L'accentramento di questi flussi nelle mani di pochi miliardari, avremmo imparato col tempo, è questione intrinsecamente politica; ma la lettura del film al riguardo è volutamente interiore, individualista, masturbatoria come la mente del suo Uomo dal Sottosuolo. Attorno alla psiche dell'algoritmo umano Zuckerberg, iperstizione vivente auto-generatasi (chi è? da dove viene? cosa vuole davvero?) capace di spingere all'ultimo stadio le nuove tecnologie del controllo, decadono e si riassemblano i rapporti umani del ventunesimo secolo.
Il film inizialmente bollato come la cosa più vicina a un lavoro su commissione per David Fincher è quindi semmai il suo testamento teoretico: il discorso è sempre quello dell'identità, dell'immagine, e del mostrarsi e dissimularsi attraverso di queste. L'algoritmo-Zuckerberg è presentato come un grado zero dell'umano, anello di congiunzione con quella Macchina di cui sembra quasi un'emanazione inconsapevole – e che continua a servire, dietro una fragile maschera di filantropia. In apparenza, il suo Facebook restituisce agli individui una sorta di arbitrio sulla narrazione di sé stessi - ma c'è differenza tra i vecchi mogul dell'informazione centralizzata, e quelli moderni della liquidità? È qui che il cerchio si chiude, dieci anni dopo, ancora sul succitato Quarto potere. E sul filo trasparente che da Zuckerberg torna all'altro grande magnate della comunicazione al Cinema, convitato di pietra in nero e bianco troneggiante sull'ultimo stupendo film del regista, ancora dedicato ad apparenza, informazione, manipolazione.

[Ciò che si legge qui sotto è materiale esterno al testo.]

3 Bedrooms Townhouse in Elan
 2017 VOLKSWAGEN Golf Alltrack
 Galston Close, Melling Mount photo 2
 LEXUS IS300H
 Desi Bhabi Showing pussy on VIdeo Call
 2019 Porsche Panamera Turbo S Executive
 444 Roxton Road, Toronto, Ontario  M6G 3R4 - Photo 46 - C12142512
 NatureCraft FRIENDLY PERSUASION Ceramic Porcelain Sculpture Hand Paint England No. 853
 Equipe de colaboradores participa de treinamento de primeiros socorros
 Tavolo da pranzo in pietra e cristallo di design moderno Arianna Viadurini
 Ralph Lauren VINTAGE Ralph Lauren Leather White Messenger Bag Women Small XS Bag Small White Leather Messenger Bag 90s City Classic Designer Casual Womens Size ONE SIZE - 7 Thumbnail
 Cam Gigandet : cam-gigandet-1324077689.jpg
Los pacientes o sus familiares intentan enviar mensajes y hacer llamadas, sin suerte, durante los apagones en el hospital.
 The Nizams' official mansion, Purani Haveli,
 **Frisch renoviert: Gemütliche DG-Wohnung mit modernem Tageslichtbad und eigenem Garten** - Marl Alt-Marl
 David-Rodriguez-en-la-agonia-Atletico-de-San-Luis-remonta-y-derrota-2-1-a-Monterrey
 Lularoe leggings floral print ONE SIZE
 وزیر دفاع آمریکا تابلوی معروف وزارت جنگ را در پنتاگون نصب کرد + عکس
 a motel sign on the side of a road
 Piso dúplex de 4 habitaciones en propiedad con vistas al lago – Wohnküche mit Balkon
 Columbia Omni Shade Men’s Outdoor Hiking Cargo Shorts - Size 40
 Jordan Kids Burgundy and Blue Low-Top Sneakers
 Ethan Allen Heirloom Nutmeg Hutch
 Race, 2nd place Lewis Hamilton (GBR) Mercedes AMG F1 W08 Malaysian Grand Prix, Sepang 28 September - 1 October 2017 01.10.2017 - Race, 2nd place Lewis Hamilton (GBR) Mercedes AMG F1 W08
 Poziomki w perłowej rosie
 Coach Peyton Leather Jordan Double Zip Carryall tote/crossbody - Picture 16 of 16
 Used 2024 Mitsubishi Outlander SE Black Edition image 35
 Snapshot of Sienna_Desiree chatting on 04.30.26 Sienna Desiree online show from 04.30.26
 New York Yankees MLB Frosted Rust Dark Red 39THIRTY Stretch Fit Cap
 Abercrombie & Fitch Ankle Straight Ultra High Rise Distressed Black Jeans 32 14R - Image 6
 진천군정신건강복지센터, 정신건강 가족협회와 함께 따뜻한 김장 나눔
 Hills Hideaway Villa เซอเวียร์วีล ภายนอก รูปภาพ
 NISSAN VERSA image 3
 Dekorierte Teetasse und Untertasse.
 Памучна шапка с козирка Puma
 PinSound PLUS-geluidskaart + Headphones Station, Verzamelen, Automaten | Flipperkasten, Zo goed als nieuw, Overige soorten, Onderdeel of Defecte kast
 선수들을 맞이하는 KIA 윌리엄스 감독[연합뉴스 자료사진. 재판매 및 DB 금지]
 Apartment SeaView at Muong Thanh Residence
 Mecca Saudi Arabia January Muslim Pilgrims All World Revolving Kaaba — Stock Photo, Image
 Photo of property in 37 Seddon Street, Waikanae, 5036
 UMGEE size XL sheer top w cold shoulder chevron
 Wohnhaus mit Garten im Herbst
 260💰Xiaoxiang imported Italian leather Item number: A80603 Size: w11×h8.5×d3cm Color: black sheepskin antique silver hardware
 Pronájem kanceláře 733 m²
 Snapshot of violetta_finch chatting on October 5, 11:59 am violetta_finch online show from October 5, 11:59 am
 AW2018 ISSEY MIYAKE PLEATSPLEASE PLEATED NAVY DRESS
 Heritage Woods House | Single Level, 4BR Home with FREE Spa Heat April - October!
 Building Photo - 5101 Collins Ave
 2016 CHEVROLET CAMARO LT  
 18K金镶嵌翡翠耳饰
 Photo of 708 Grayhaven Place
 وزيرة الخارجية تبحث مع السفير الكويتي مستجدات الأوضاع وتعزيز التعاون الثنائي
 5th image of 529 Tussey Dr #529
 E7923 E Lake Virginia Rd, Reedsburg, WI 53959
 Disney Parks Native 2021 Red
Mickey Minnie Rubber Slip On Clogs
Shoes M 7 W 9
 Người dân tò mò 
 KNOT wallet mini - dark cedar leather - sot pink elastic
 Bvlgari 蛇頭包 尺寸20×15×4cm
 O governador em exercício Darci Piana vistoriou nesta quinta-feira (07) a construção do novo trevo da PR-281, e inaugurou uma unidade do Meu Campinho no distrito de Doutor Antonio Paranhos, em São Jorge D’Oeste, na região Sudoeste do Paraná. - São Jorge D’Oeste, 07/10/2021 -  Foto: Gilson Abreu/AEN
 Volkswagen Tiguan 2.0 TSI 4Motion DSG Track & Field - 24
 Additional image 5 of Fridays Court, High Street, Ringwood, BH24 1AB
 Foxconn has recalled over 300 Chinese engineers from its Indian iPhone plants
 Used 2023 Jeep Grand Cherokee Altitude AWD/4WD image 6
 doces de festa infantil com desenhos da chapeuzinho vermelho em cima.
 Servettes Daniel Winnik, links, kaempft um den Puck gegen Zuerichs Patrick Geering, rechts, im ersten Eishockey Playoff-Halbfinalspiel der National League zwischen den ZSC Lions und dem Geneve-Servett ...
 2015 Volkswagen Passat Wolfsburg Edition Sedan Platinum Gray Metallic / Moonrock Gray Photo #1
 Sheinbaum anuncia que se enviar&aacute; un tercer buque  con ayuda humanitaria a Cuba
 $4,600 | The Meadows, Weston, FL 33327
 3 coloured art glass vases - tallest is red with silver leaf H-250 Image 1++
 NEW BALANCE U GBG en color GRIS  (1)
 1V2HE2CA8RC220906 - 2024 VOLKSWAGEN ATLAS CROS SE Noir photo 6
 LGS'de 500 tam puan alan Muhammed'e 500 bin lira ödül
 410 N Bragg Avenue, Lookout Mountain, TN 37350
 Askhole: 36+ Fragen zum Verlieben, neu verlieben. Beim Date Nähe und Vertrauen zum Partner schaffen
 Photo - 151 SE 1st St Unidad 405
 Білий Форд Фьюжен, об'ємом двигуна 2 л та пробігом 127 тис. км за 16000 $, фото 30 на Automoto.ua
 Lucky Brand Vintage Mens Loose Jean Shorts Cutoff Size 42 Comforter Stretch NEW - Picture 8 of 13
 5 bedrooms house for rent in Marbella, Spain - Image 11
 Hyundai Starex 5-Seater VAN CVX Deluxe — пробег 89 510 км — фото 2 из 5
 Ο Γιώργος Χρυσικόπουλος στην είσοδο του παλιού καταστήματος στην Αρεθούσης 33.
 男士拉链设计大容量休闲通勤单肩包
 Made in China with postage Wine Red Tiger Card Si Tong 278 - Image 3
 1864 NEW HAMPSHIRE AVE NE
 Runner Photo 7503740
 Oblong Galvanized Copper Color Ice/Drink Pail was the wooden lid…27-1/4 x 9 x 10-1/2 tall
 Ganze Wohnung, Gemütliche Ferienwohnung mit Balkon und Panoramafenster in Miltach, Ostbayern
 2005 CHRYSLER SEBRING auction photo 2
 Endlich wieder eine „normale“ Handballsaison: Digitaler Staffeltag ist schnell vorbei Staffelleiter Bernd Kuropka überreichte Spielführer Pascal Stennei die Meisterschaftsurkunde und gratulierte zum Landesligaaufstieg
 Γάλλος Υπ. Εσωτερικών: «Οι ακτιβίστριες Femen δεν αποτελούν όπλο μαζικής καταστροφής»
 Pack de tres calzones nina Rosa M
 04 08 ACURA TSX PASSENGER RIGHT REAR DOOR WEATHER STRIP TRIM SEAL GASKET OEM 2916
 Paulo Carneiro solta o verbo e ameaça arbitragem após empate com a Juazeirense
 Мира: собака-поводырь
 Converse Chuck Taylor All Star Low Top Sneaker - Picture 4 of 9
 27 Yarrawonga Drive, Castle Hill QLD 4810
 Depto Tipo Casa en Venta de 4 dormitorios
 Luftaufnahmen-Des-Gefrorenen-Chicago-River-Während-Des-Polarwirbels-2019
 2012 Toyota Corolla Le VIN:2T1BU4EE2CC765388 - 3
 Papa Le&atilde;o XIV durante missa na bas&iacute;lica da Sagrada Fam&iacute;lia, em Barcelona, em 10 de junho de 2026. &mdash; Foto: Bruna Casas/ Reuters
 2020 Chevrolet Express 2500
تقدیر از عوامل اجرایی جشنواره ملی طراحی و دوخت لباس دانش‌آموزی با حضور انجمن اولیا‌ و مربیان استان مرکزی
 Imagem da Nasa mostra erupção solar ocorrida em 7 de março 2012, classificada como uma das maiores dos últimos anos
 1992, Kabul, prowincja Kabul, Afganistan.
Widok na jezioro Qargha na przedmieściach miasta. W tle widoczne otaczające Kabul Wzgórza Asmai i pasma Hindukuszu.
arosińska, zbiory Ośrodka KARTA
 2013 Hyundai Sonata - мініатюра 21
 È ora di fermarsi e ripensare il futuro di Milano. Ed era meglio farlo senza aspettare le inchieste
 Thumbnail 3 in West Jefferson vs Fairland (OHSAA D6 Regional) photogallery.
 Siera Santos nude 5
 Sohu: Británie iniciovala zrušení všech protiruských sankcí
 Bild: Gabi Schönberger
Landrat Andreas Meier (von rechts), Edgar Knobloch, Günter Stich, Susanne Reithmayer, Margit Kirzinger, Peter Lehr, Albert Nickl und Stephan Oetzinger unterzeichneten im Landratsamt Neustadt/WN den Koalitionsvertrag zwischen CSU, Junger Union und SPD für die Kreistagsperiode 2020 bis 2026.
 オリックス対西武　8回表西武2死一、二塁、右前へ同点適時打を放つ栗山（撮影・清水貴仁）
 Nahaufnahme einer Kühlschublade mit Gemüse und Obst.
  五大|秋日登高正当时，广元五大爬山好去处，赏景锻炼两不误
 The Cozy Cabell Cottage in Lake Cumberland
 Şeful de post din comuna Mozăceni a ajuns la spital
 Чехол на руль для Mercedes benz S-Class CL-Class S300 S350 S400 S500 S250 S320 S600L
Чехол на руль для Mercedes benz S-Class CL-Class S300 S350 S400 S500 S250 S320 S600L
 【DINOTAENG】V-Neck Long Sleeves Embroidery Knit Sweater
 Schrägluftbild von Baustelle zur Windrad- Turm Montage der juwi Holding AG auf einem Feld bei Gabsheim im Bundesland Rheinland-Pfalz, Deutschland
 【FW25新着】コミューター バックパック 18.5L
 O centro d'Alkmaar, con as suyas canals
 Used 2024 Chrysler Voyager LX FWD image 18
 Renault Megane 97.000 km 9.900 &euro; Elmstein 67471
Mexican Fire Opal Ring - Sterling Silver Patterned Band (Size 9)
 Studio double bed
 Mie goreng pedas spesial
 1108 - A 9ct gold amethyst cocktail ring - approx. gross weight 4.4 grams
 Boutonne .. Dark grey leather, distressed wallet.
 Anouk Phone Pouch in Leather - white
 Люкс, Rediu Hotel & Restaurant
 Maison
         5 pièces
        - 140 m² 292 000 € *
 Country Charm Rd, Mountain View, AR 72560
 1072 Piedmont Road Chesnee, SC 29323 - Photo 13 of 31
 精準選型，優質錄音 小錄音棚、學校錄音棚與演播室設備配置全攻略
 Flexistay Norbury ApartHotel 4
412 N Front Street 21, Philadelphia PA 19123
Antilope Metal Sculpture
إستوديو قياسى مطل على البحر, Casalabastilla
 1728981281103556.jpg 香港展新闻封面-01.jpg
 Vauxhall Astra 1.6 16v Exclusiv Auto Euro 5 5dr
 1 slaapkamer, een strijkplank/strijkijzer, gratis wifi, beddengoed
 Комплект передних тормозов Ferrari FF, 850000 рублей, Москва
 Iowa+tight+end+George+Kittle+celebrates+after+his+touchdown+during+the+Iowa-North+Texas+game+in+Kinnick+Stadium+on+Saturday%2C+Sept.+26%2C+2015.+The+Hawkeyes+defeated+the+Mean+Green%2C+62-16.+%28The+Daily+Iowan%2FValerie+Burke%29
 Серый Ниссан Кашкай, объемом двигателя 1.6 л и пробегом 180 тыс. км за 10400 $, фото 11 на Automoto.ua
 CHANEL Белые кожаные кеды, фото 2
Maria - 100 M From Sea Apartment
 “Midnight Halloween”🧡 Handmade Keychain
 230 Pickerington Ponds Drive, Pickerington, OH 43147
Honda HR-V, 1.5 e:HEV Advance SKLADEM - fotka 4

Dieci anni dopo The Social Network, acquisire il controllo delle immagini e delle narrazioni non è più l'ambizione segreta di un giovane vampiro, ma l'ultima via di fuga di un outsider sconfitto. L'artificio sistematico operato sul reale, in questo caso non dai social media, dai blog o dalla stampa, ma dai film stessi (da Mank su Herman Mankiewicz, da Quarto potere su William Randolph Hearst, da The Social Network su Zuckerberg), arriva agli occhi del regista maturo non come mortifero esercizio di dominio, ma come arma di rivalsa – ultima chiamata per astrarsi dalle maglie brutali e fasciste dell'impero americano, di cui il vecchio e triste Mank è stato utile giullare. Dove il 2010 si apriva sulla voracità di Zuckerberg, invasato dall'urgenza isterica di assimilare e possedere l'altro-da-sé nella persona disperata di Erica Albright, il 2020 è un amarissimo commiato di addio; e la fame di storie e vite e immagini è diventata saturazione, nausea. Ma ripudiare il racconto deformato e deformante del Cinema non è possibile, neanche per denunciarne le contraddizioni: si può solo provare a riappropriarsene, come fa Mankiewicz, dopo averlo per decenni asservito a un potere senza volto. Strumento di controllo come di liberazione, è l'unico padrone in cui Fincher ancora creda.